Efisiensi awal sebaiknya dimulai dari sumber air baku yang akan diolah menjadi air bersih. Air baku yang terlalu keruh mengharuskan pengelola PAM menambahkan banyak bahan kimia untuk menjernih kannya. Dampaknya, biaya produksi air meningkat.

Dalam konteks Jakarta, Direktur Utama PT PAM Jaya Hariadi Priyohutomo mengatakan, air baku yang masuk instalasi pengolahan air sering keruh karena dialirkan melalui saluran terbuka. Air baku dari Waduk Jatiluhur bertabrakan dengan beberapa sungai kecil dan dicemari limbah pabrik di tepi saluran sehingga menjadi keruh. "DKI Jakarta membutuhkan saluran air tertutup dari Waduk Jatiluhur agar air baku yang masuk ke Jakarta tetap jernih. Air baku yang jernih lebih murah biaya pengolahannya," kata Hariadi.

Rahmat mengatakan, selain produksi, efisiensi dalam distribusi juga harus dilakukan. Tingkat kebocoran harus dikurangi dan air bersih harus dapat dijual sebanyak-banyaknya.

Secara nasional, kata Rahmat, kerugian akibat kehilangan air mencapai Rp 3,953 triliun per tahun. Perhitungan kerugian itu menggunakan asumsi tarif rata-rata Rp 2.000 per meter kubik, volume produksi 130.000 liter per detik, dan tingkat kebocoran 38 persen. Padahal, banyak PAM memiliki tingkat kebocoran di atas 45 persen dan tarif rata-rata di atas Rp 3.000 per meter kubik.

"Pada kasus Jakarta, jika tingkat kebocoran yang mencapai 48 persen dapat dikurangi sampai setengahnya, pemasukan PAM Jaya dapat meningkat. Peningkatan pemasukan dapat menutupi kebutuhan PAM Jaya dan membuat kenaikan tarif tidak perlu dilakukan," kata Rahmat.

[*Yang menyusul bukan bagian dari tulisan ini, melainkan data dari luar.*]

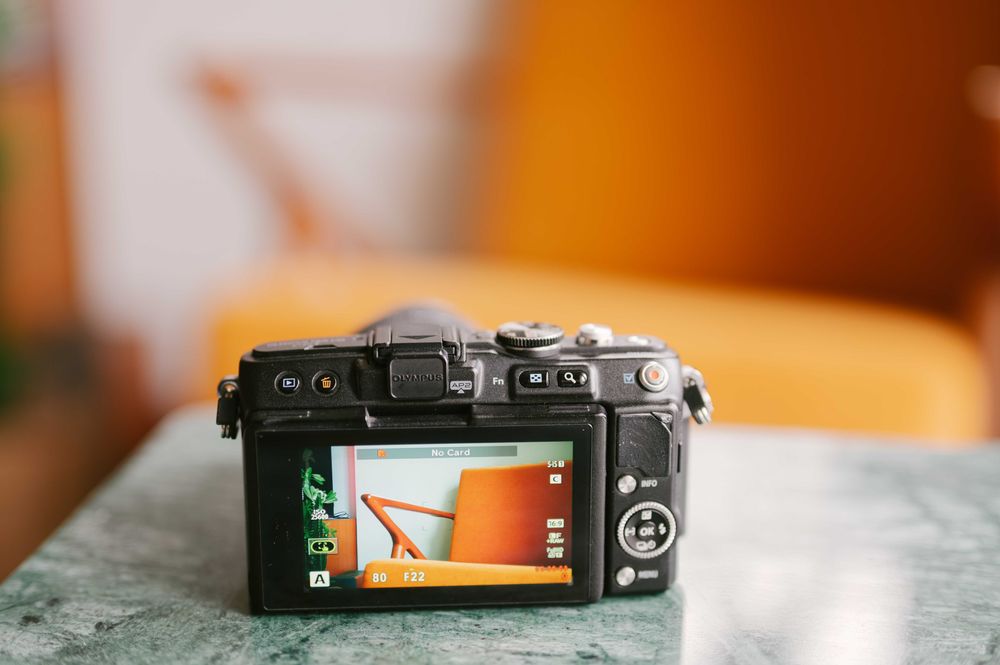 Olympus PEN E-PL5 (3000 disparos) + Olympus 14-42mm f/3.5-5.6 II R + f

Hariadi mengatakan, dalam forum ini para pengelola PAM seluruh Indonesia berbagi kiat menurunkan tingkat kehilangan air. Kiat penurunan kebocoran yang dinilai paling efektif adalah penerapan sistem distrik meter area atau distrik meter zone.

Sistem ini memungkinkan pengelola PAM untuk memonitor air yang masuk ke suatu kawasan dan air yang terjual. Jika air yang terjual lebih sedikit dari air yang masuk, pengelola PAM dapat mencari sumber kebocoran atau lokasi pencurian air.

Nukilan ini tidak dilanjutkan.